Эрик с Мартином везут Дженни на тележке из прачечной домой, и тут на них с гневной тирадой обрушивается соседка. «Эй вы, геи! Сидели бы дома, чтоб людям не приходилось на вас смотреть! Фу!»[261] – шипит она. Дженни очень страшно. Дома она спрашивает Эрика, почему эта женщина так разозлилась, и он отвечает, что некоторые люди не понимают, как двое мужчин могут любить друг друга. Принеси мелки, говорит он ей, и рисует на плитке на заднем дворе пояснительный комикс. Женщина-палочка кричит на двух мужчин-палочек, держащихся за руки, но на этот раз ее останавливает ее муж-палочка и рассказывает, что он сам был в однополых отношениях. «Нет ничего плохого в том, чтобы жить с тем, кто тебе дорог»[262], – объясняет он добродушно.
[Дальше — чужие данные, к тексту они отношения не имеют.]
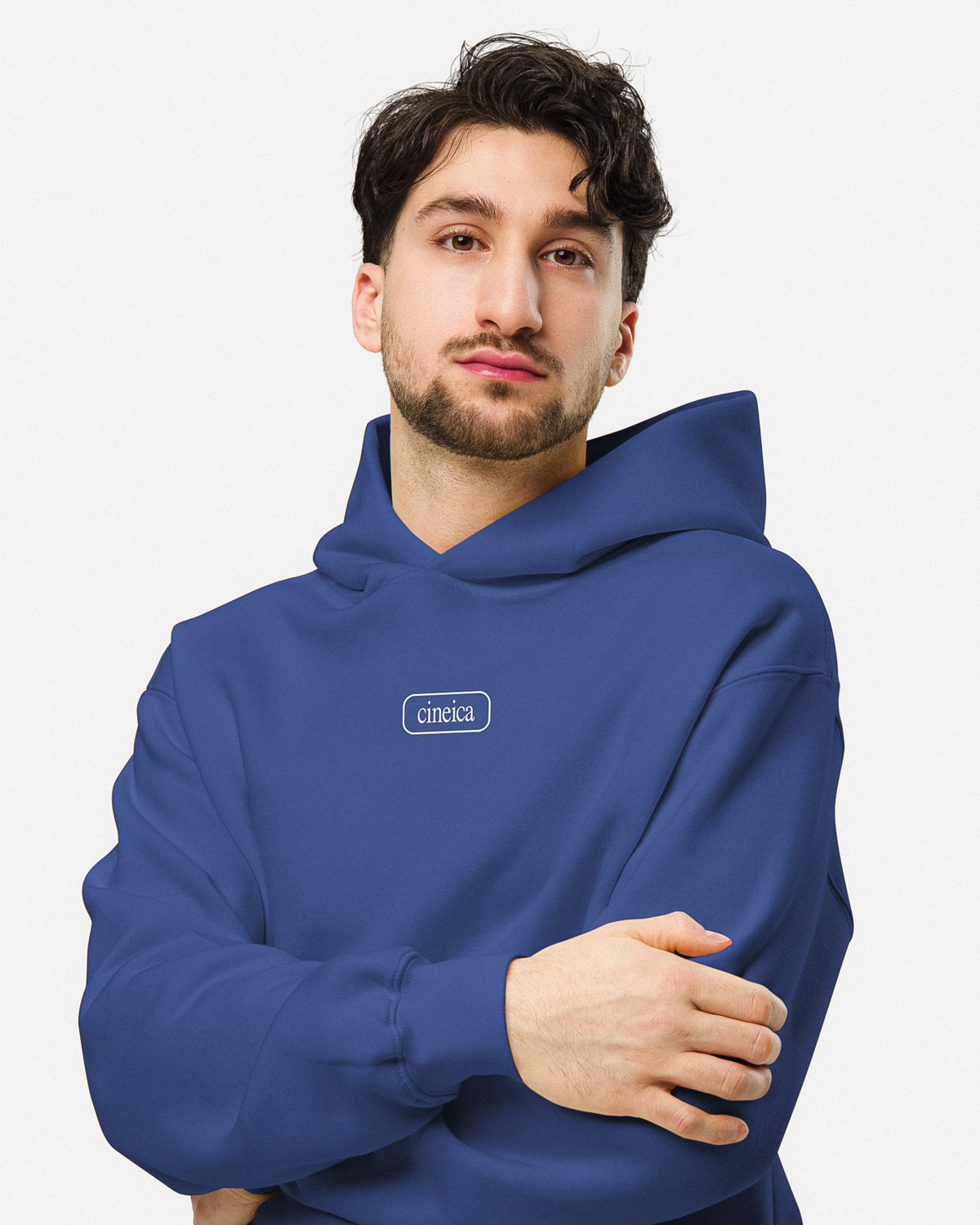 Photo of a man wearing a blue cineica "Blueprint Hoodie". The front design features a framed cineica logo.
С простым словом «дорог» сложно спорить, тем не менее к 1987 году семьдесят четыре процента британцев считали, что гомосексуальность всегда или почти всегда предосудительна; за предыдущие пять лет эта цифра выросла на тринадцать процентов во многом из-за негативного освещения проблемы СПИДа в прессе. Вопрос «Дженни» подняли несколько членов парламента в Палате общин, в том числе министр образования Кеннет Бейкер; он осудил вседозволенность в обществе и пообещал ужесточить меры против половых отклонений всех видов, начиная от гомосексуальности и заканчивая абортами. На конференции Консервативной партии в октябре 1987 года премьер-министр лично раскритиковала то, что в своем докладе завуалированно назвала «позитивными образами», и добавила: «Детей, которым необходимо прививать уважение к традиционным нравственным ценностям, учат, что у них есть неотъемлемое право быть геями. Что этим детям нужно, так это подготовка к полноценной жизни».